2019年5月26日(日) 09:00 〜 10:30 A09 (東京ベイ幕張ホール)

コンビーナ:小西 健介(台湾中央研究院地球科学研究所)、片山 郁夫(広島大学大学院理学研究科地球惑星システム学専攻)、芳野 極(岡山大学惑星物質研究所)、Alexandre Schubnel(CNRS)、座長:Kensuke Konishi(Institute of Earth Sciences)

Most tomographic studies have been focused upon drawing maps of seismic velocity (SV) structures based on seismic data, with the ultimate goal of learning more about the structure and the composition of the mantle. Another key physical property that is accessible from seismic data is seismic attenuation (SA). Due to complications in isolating its intrinsic causes - e.g. local physical changes - and its extrinsic contributions - mainly scattering and other wave-propagation effects - SA has been underutilized. Yet, advances in waveform inversion have in association with recent enhancements of data permitted for a finer, more comprehensive determination of SA, opening the way to structural interpretations.
Difficulties in classifying and modelling the possible causes of intrinsic SA - e.g. temperature, melt, volatiles, and grain size - have also been raised.
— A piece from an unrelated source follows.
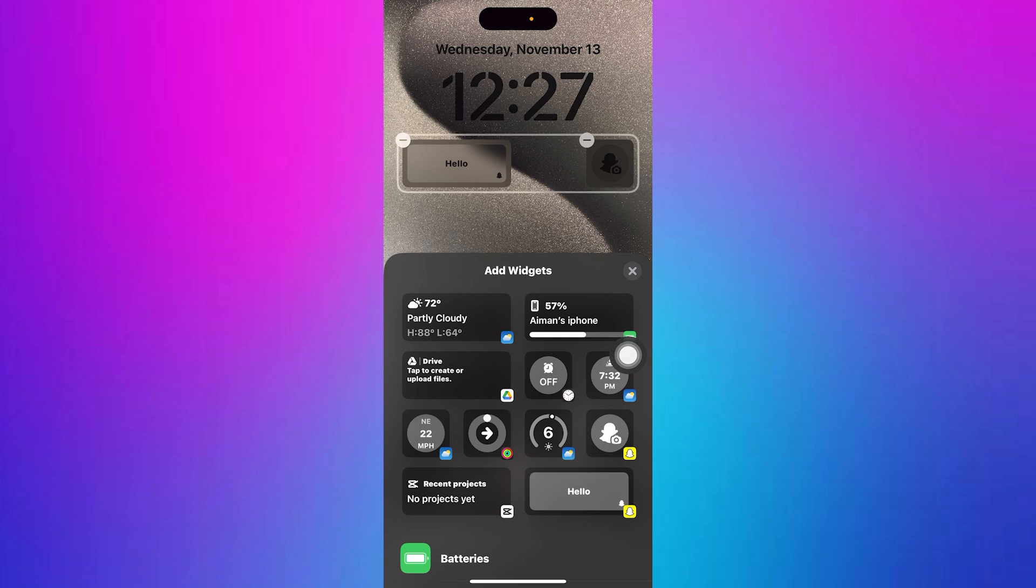Once added, you'll see the Snapchat widget display on your lock screen, allowing easy access to Snapchat's features.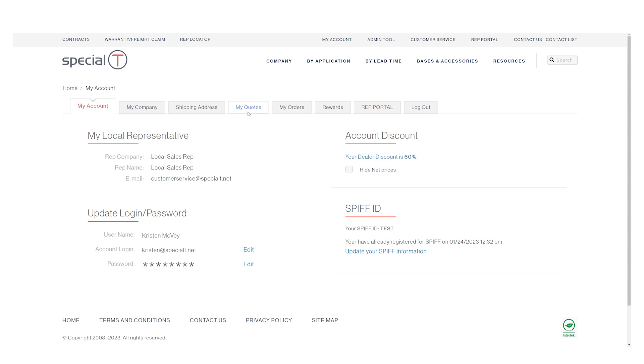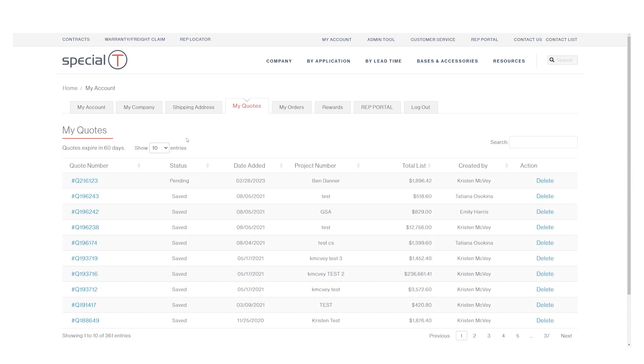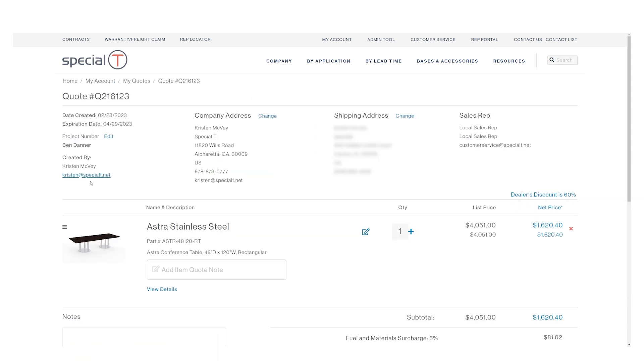Within 24 hours you'll receive an email from a member of our exceptional customer service team confirming your account. Once your account is approved, you'll be able to generate and edit all of your quotes, check all of your orders, and in the event that you have a warranty, you can fill out a claim. You'll also have direct access to your local sales rep as well as the friendliest customer service team in the country. Not to mention, you'll be able to follow along with all of the exciting updates we have planned here at Specialty.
Increasingly, theoretical and experimental mineral physics have come to document the relationship between the behavior of SA and an assortment of other phenomena - most particularly, partial melt. These results can subsequently be used interpret seismological observations.
Seismic attenuation is critically implicated in structure, composition, and in fine mantle dynamics at the local, regional, and global scales. It may be used to constrain the existence of water in the transition zone; the presence of melt in various regions - for instance around subduction zones; and in the temperature field of the deep mantle - which would, in turn, help to resolve the chemical contribution to SV observed in this region.
In this session, we would like to discuss aspects of mantle attenuation, with the aim of sharing the current state of all relevant fields of study. We welcome contributions from different fields - in particular, from seismology, mineral physics, and geodynamics, as these may advance our mutual comprehension of SA and its implications; and lay the groundwork for future research and applications thereof.